*Work request:*
Reproduce, exactly and in full, the lines from the one with "Klaus Baier mit" through the one with "Apr Private Suites" in the data below; drop pictures.

*Materials provided:*
++++++

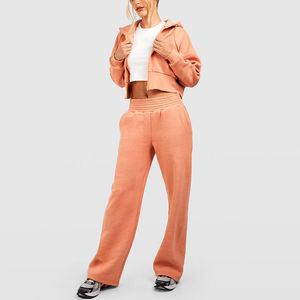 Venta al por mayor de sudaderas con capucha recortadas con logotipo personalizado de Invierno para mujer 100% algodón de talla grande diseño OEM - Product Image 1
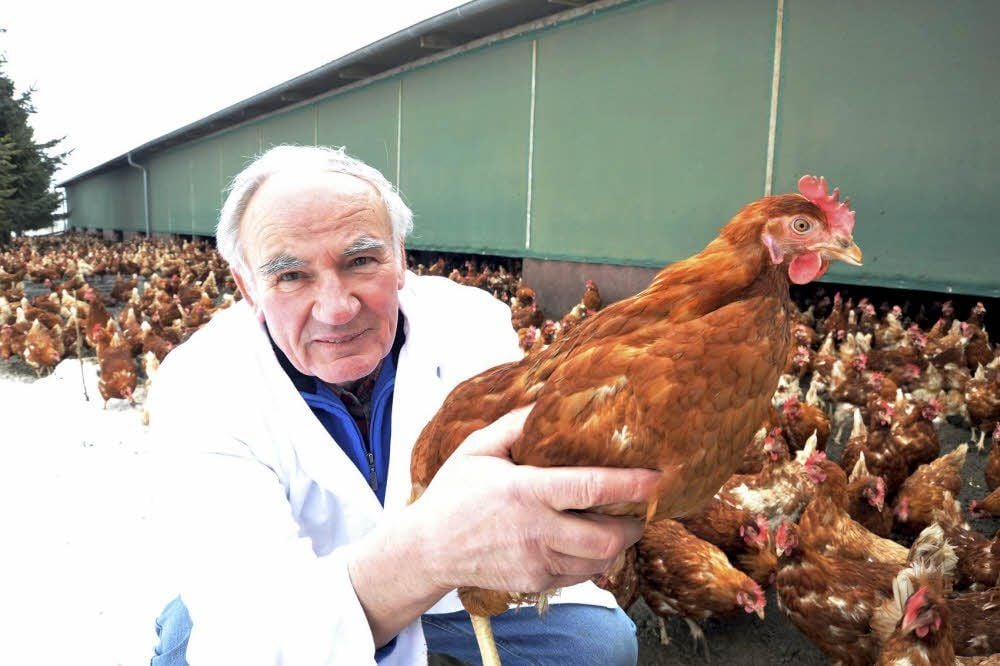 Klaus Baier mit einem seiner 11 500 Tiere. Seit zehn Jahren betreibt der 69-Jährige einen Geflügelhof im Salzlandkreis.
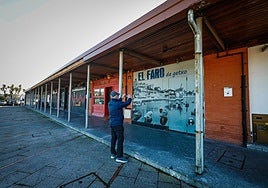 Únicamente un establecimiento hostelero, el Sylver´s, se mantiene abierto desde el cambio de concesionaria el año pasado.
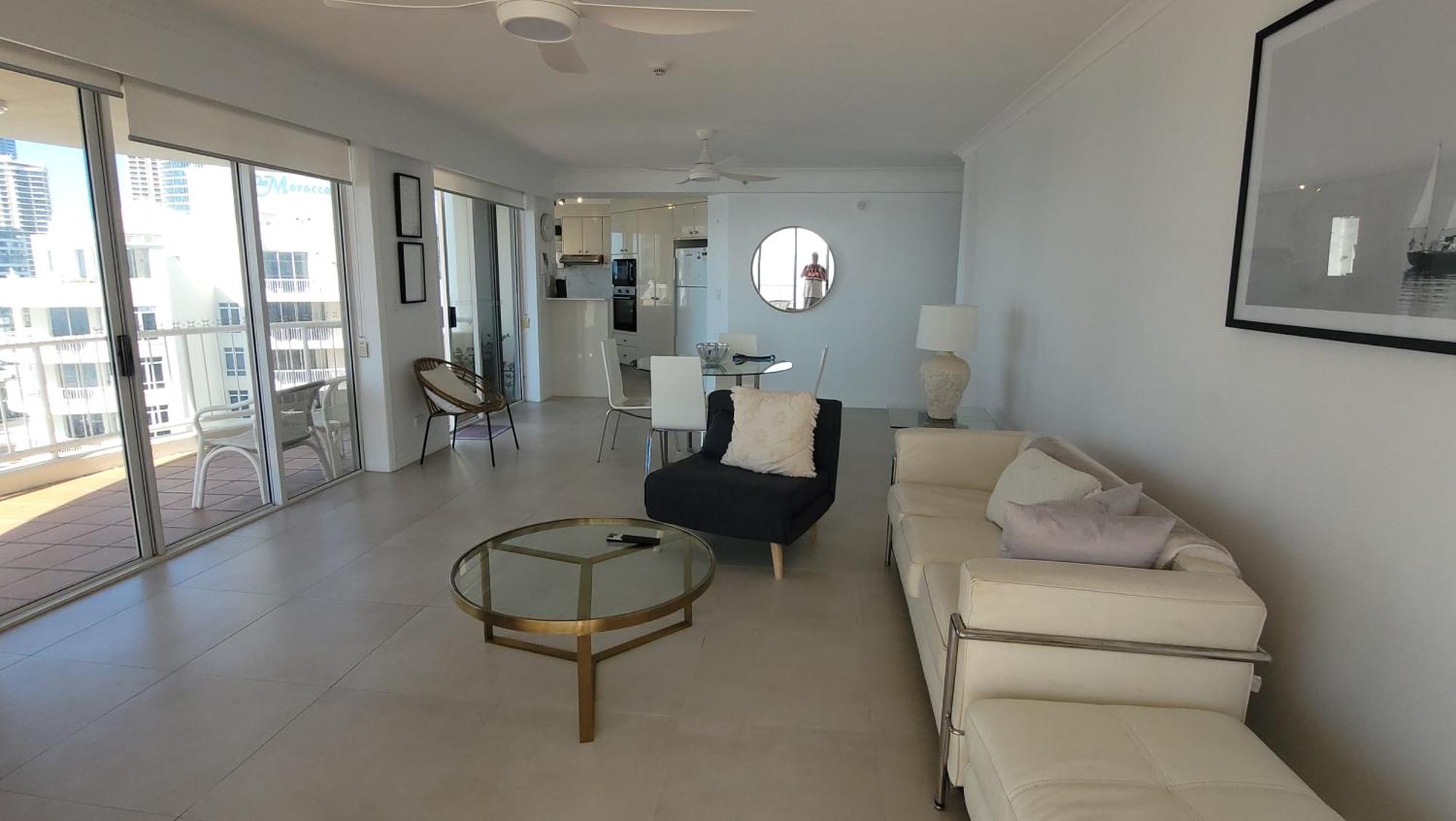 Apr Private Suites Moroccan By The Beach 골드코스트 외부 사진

++++++

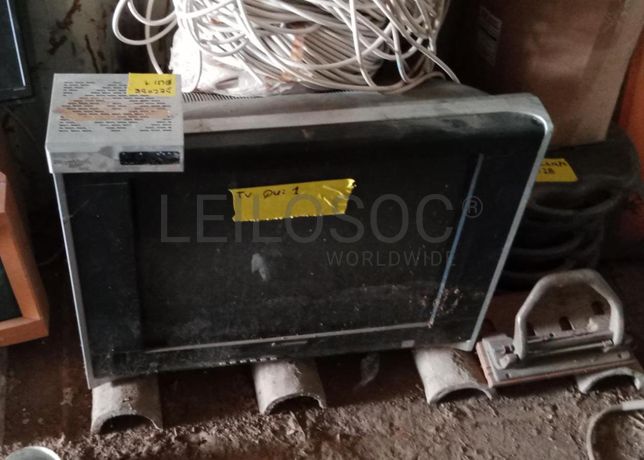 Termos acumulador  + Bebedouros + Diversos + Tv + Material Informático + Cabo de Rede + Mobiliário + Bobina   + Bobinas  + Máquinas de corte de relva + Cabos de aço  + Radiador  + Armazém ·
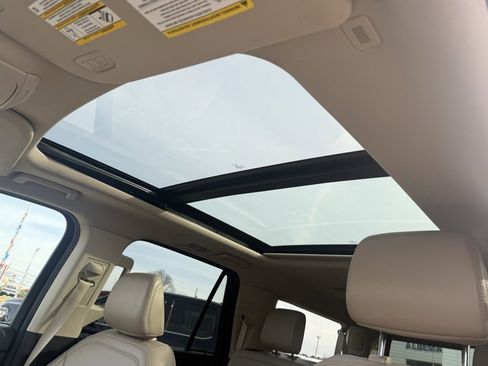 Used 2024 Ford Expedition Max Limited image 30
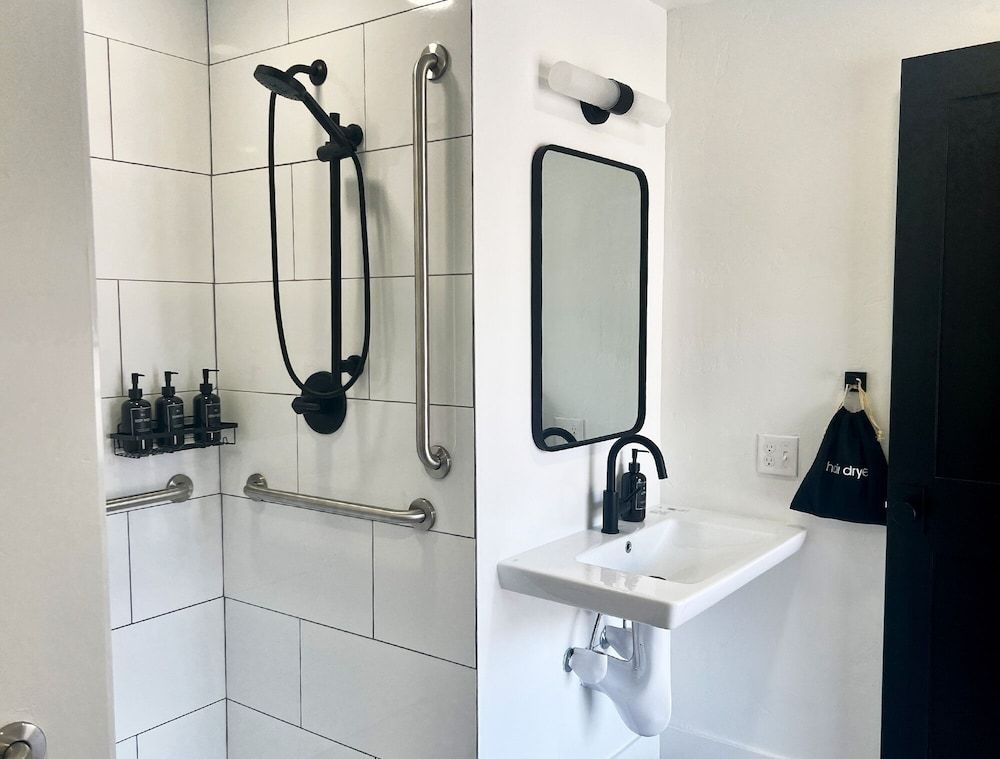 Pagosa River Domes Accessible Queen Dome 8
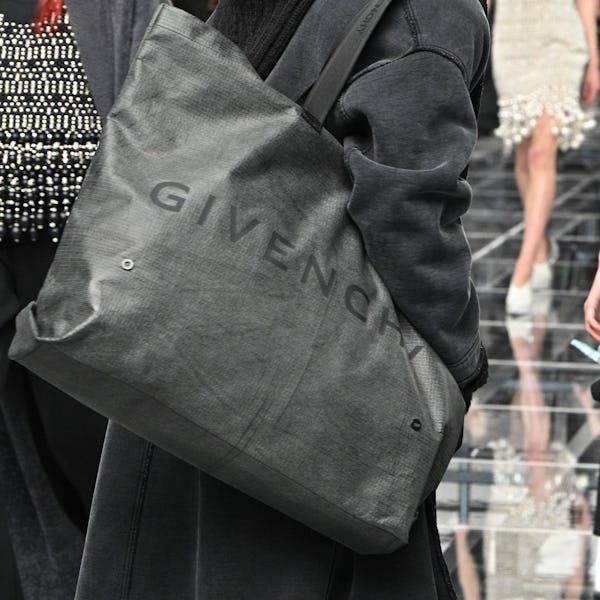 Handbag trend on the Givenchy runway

++++++

*Result:*
 Klaus Baier mit einem seiner 11 500 Tiere. Seit zehn Jahren betreibt der 69-Jährige einen Geflügelhof im Salzlandkreis.
 Únicamente un establecimiento hostelero, el Sylver´s, se mantiene abierto desde el cambio de concesionaria el año pasado.
 Apr Private Suites Moroccan By The Beach 골드코스트 외부 사진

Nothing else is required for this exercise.